Whereas the first book was a lot of pages setting up the action, book 2 plunges the reader into it. And that, ultimately, is what makes this a better book. Jordan is limited as a writer: he's not a wordsmith like Tolkien or Donaldson, nor is he a good developer of larger themes like those giants were. He also doesn't have a knack for creating characters that jump off of the page (Eddings), either, although he certainly is not at a loss to keeping adding more of them to the stew. Jordan's success, then, is in the plot, and this book has several good ones going on.
Also, thankfully, the Tolkien borrowings aren't nearly as prominent as the first book, although Aragorn (I mean Lan) and Gandalf (I mean Thom Merrelin) are back for more. Now that we know more about Aes Sedai, they and their purposes do seem to be highly reminiscient of Frank Herbert's Bene Gesserit, but at least Jordan is borrowing across genres now.
This is just a very good, very tight (uncharacteristically so, I'm finding out, as I'm now on the fifth book and there are long stretches where nothing seems to happen later on) novel that makes Jordan's world come alive much more so than the first book did. Of particular interest was the invasion of the Seanchan, a race of warlike people from "across the sea" who deal with their female channelers in a way much differently than rasing them to be Aes Sedai. Rand is becoming a little less interesting now that the novelty of treating him as a fish out of water has passed, but more is done with the other characters to pick up the slack.
Points deducted for Jordan's cornball, tiresome "battle of the sexes" theme and for the smash-you-over-the-head obviousness of his lupine depictions of Perrin (who is frequently sitting on his "haunches" or "sniffing the air"), but most of the time the story is good enough for one to ignore such things.
If the rest of series is as good as the Great Hunt, this will be a better than average series.

Rating: 5 stars
Summary: An amazing novel
Review: The Great Hunt is a masterful sequel to The Eye of the World. The plot never slows in this novel. I am honestly amazed by the difference between Jordan's first novels and his latter ones. He still shifts between multiple plots, but people can still see how they are connected. Egwene and Nyn leave the White Tower, but they are still involved with what happens to Rand. What also makes this novel better than some of the later ones is that you can pick this book up and read it without reading the first one. Somethings may not be clear, but you will still enjoy a good novel.

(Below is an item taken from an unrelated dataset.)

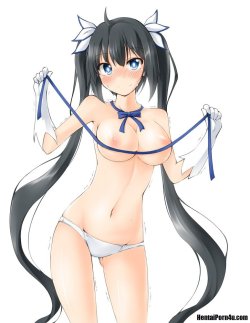 HentaiPorn4u.com Pic- Hestia is too cute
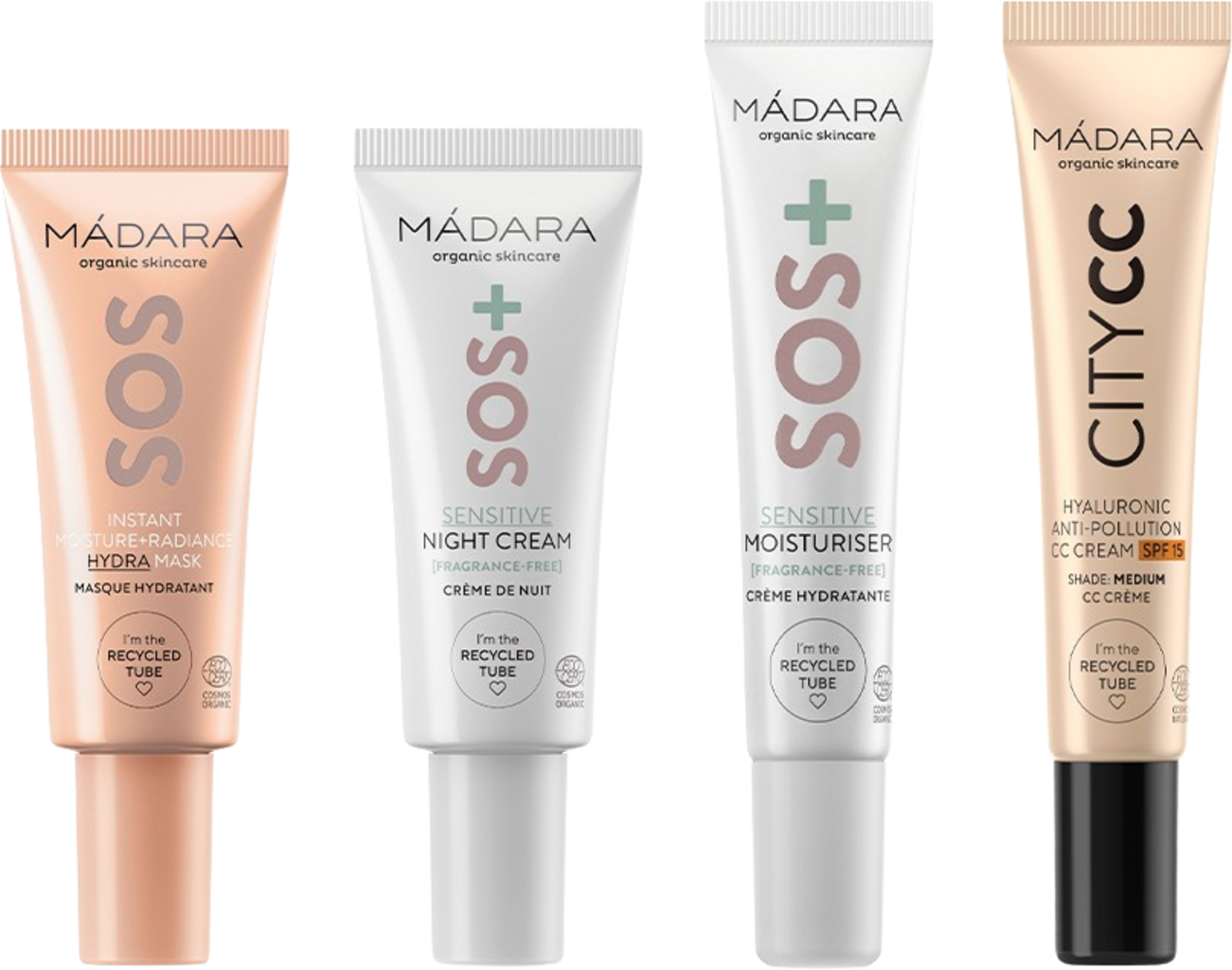SOS CARE 4-Step Skin-Soothing Routine Set - Medium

What happens. Rand feels abandoned by Moraine in Fal Dara and resolves to leave without his friends. He makes it as far as the stable before he learns he cannot leave. While he is trapped in the city, trollocs storm the keep; Mat's dagger and the horn of Valere are stolen. With's Mat's need and the knowledge that the followers of the horn will follow whoever blows it, Rand joins the chase for the horn. Egwene and Nyn are off to the White Tower, but after three months are off on their own adventure. The chase for the horn covers multiple countries and starts and finishes wars. But in the end it is Rand versus the Dark One for the lives of his friends.

I cannot do justice to the action or excitement of this novel. I have read it recently and encourage you to buy this novel, because like me, you will probably read it more than once.